Rainie: First, reporters will increasingly feel compelled to read blogs to take the temperature of the public on issues, as a source of inspiration for story ideas, as good substitutes for man-in-the-street interviews, and for feedback on their own work…Second, blogs will probably introduce new subjects for news organizations to address. Third, the most important power of blogs is that they allow millions of niches to bloom. Fourth, blogs could become a standard source of information on big breaking news stories. Fifth, bloggers will continue to play the role of forensic analysts and dissectors of mainstream news coverage. Sixth, bloggers fill the inevitable gaps in news coverage and add perspective to news commentary ... I think bloggers in most circumstances will continue to be seen as supplementary contributors to MSM news work rather than as substitutes for MSM activity.

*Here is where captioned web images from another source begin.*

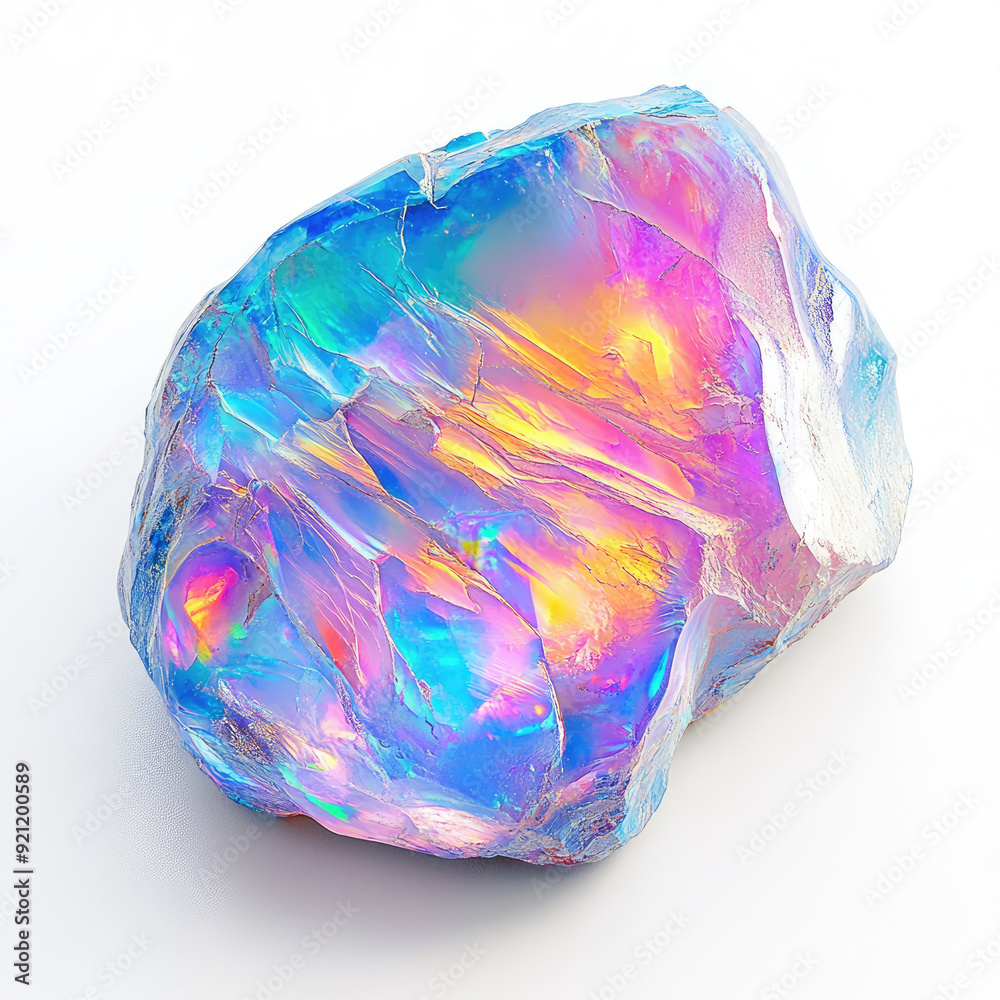 Detailed View of a Colorful Opal Gemstone in Studio Detailed View of a Colorful Opal Gemstone in Studio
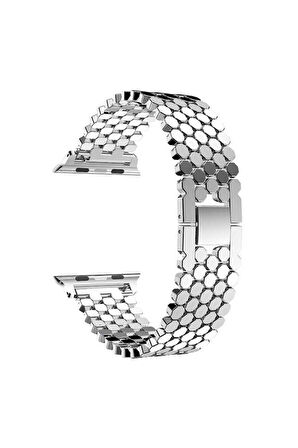 Apple Watch 44mm Uyumlu Kordon Metal Bal Peteği Şık Tasarım KRD-30 Kayış Gümüş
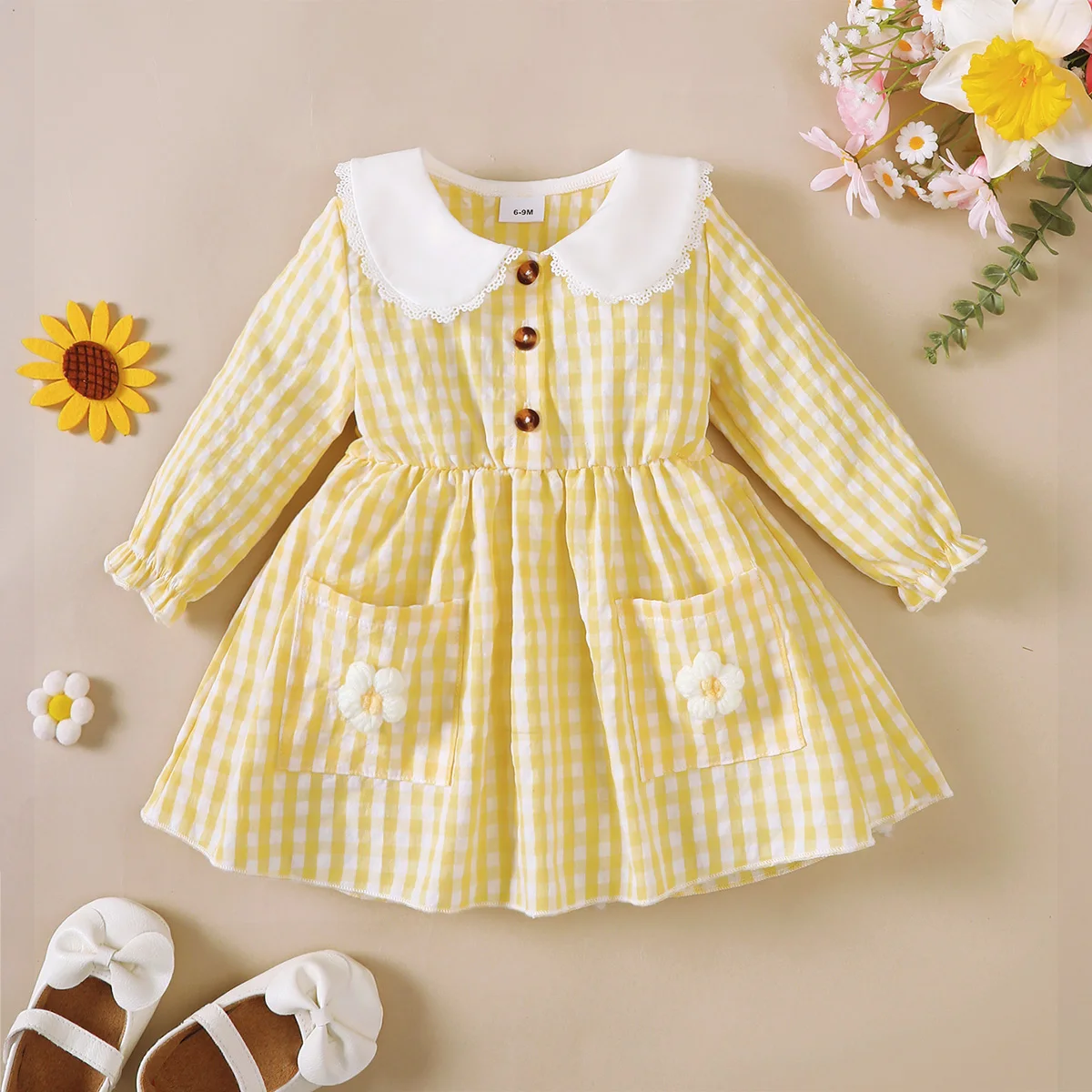 0-3 Year Cute Baby Girl Dress Lace Border Doll Collar Yellow Checkered Dress for Toddlers Autumn Dress for Outdoor Activities
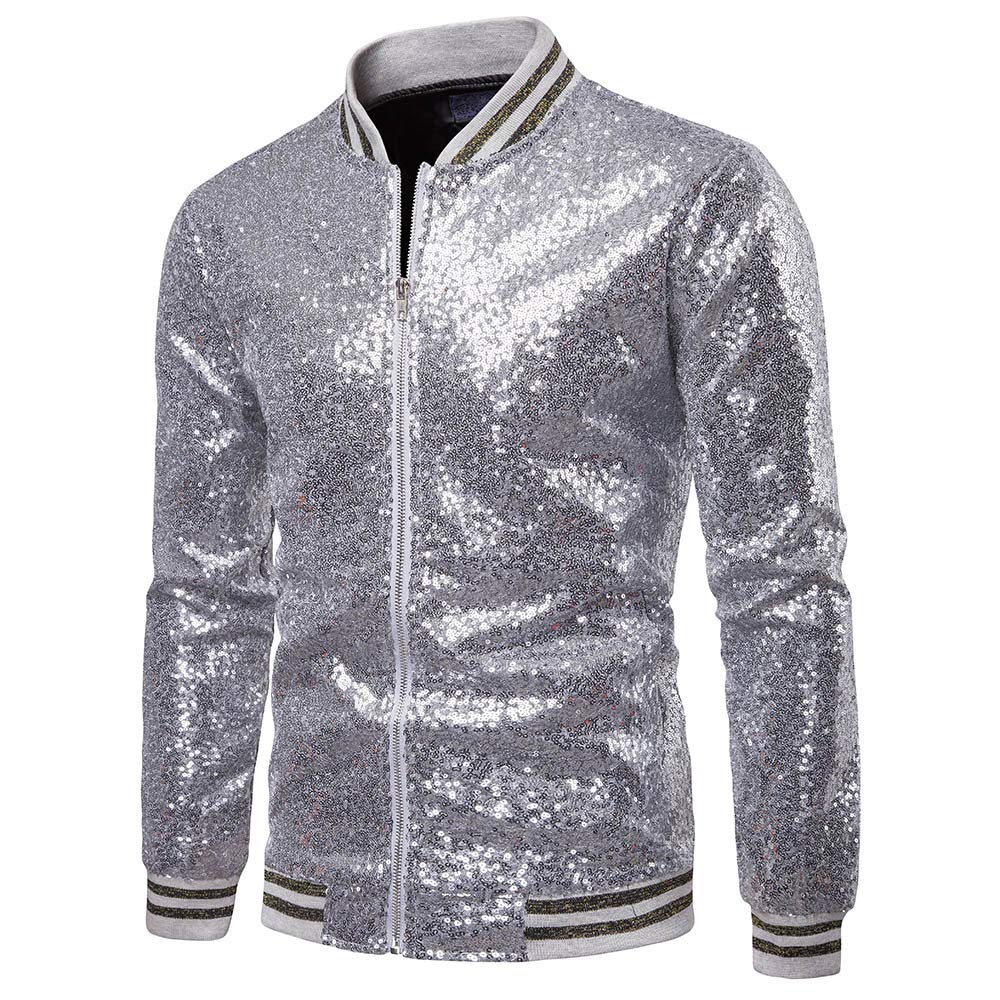 Unisex Sequin Varsity Jacket Christmas Party Disco Blazer Magician Costume Shiny Sparkly Glitter Bomber Jacket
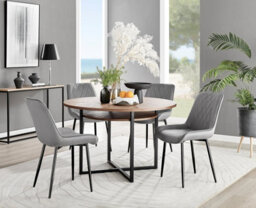 Furniturebox Adley Brown Wood Effect And Black Round Dining Table With Storage Shelf And 4 Grey Velvet Black Leg Pesaro Dining Chairs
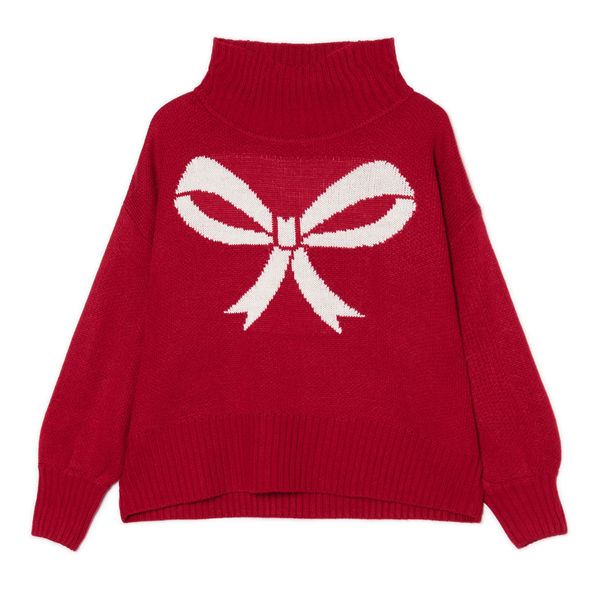 Cropp Cropp - Božićni pulover - crvena
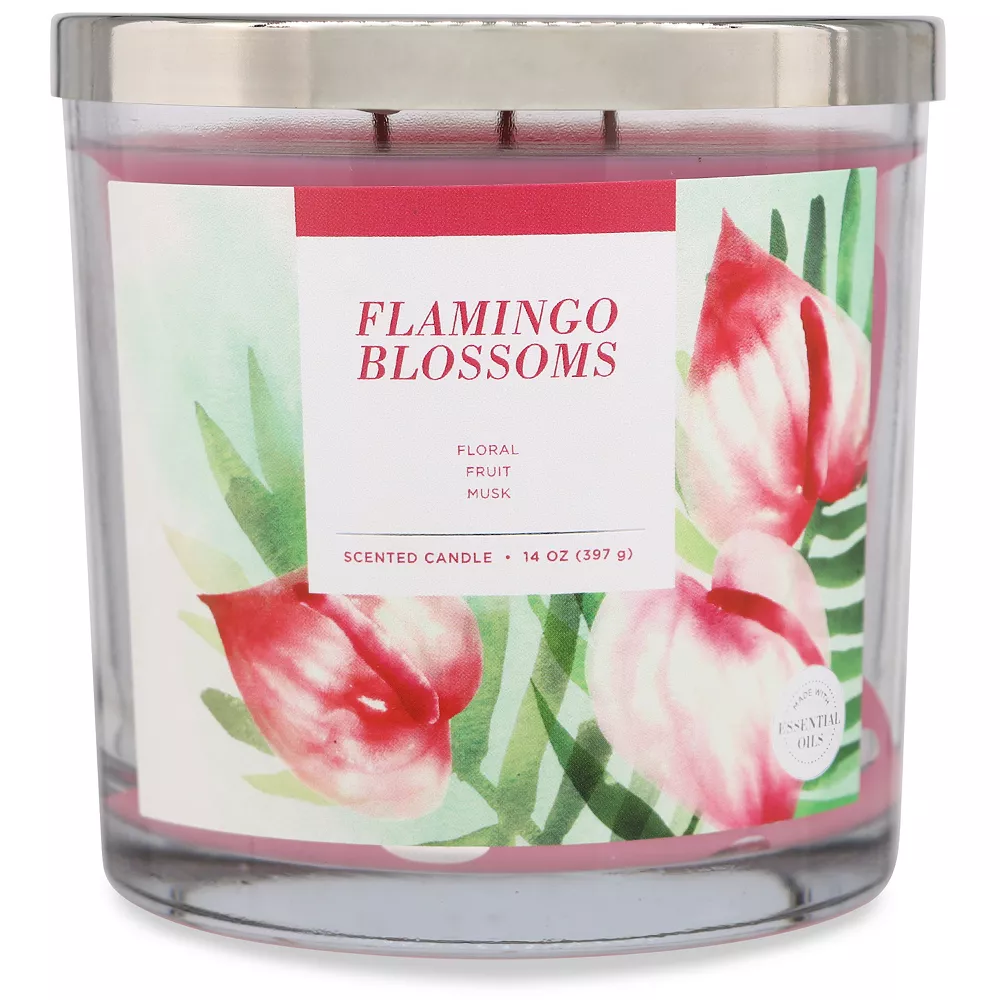 Sonoma Goods For Life® Flamingo Blooms 14-oz. Candle Jar 3 Sonoma Goods For Life® Flamingo Blooms 14-oz. Candle Jar - Image 3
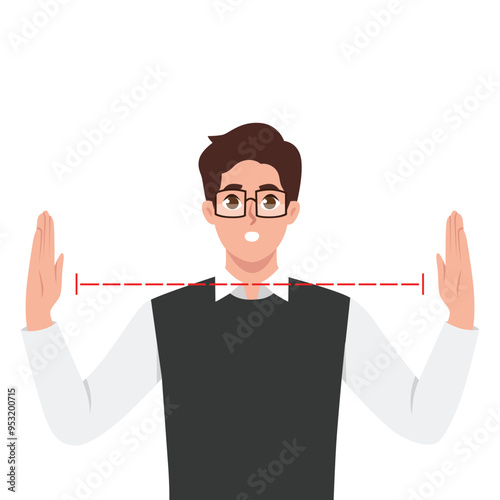 Young man spreads arms wide and is shocked by size of object. Flat vector character illustration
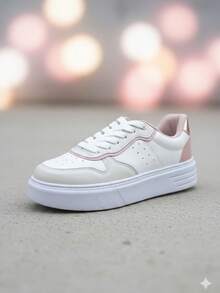 Tenis Casual Branco Feminino Com Recortes Retrô Neutro Confortável - Branco - Visão 5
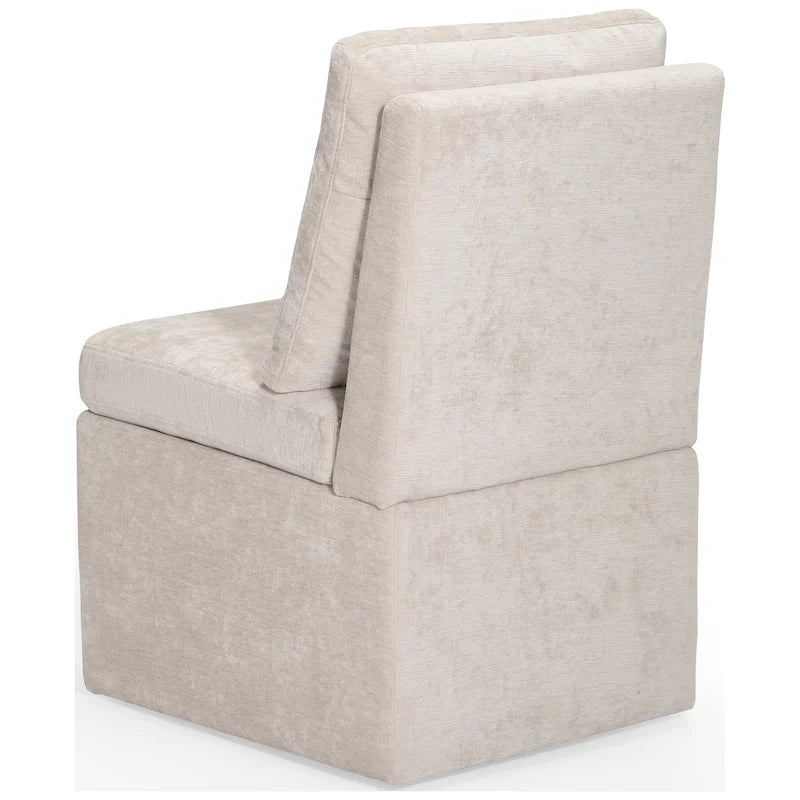 Chaise de salle à manger capitonnée en chenille Stansberry avec rangement sous l'assise et roulettes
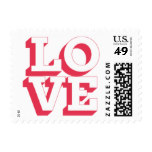 Retro Red And White Love Postage Stamps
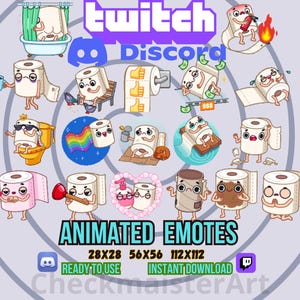 18 animierte lustige Toilettenpapier Emotes, Twitch Emotes, Discord Emotes, Kawaii Emotes, Quality Emotes, Animate Objekt Emotes, Streamer Emotes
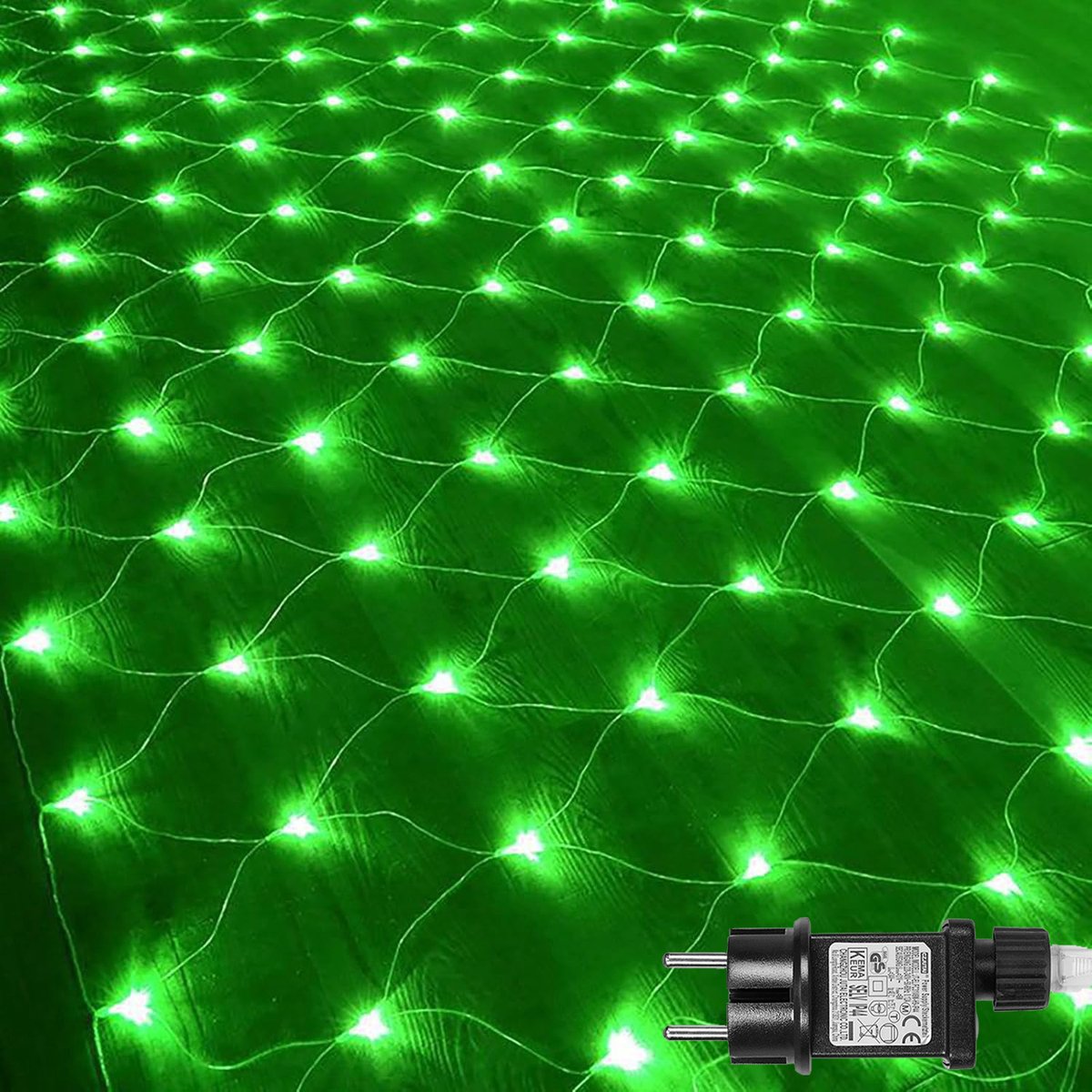 MUPOO Netverlichting Buiten Lichtnet IP44-lichtslinger Lichtnetten Groen Licht -Net Lichtgordijn 2x3M 200LEDs- Geheugen- 8 modi-Boomverlichting -Kerstverlichting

Hamilton: … Blogs do possess the ability to remedy some failings of market-driven news outlets. There are specific circumstances where you can expect for-profit media outlets to get stories wrong: if situations involve repeated interactions with government sources, which causes reporters to pull punches or act as transcribers; if an information cascade starts which generates a prevailing view of a story, which makes it difficult for a reporter to go against the grain; or if information is costly to pry out of organizations but bloggers have knowledge because of their work.
The topic of citizen journalism (specifically user-generated political content) arose again a week later at the George Washington University Institute for Politics, Democracy and the Internet.
According to Howard Mortman, one of the more impressive presentations was by blogger Michelle Malkin, who discussed the phenomenal growth of her fairly new Internet video venture, Hot Air.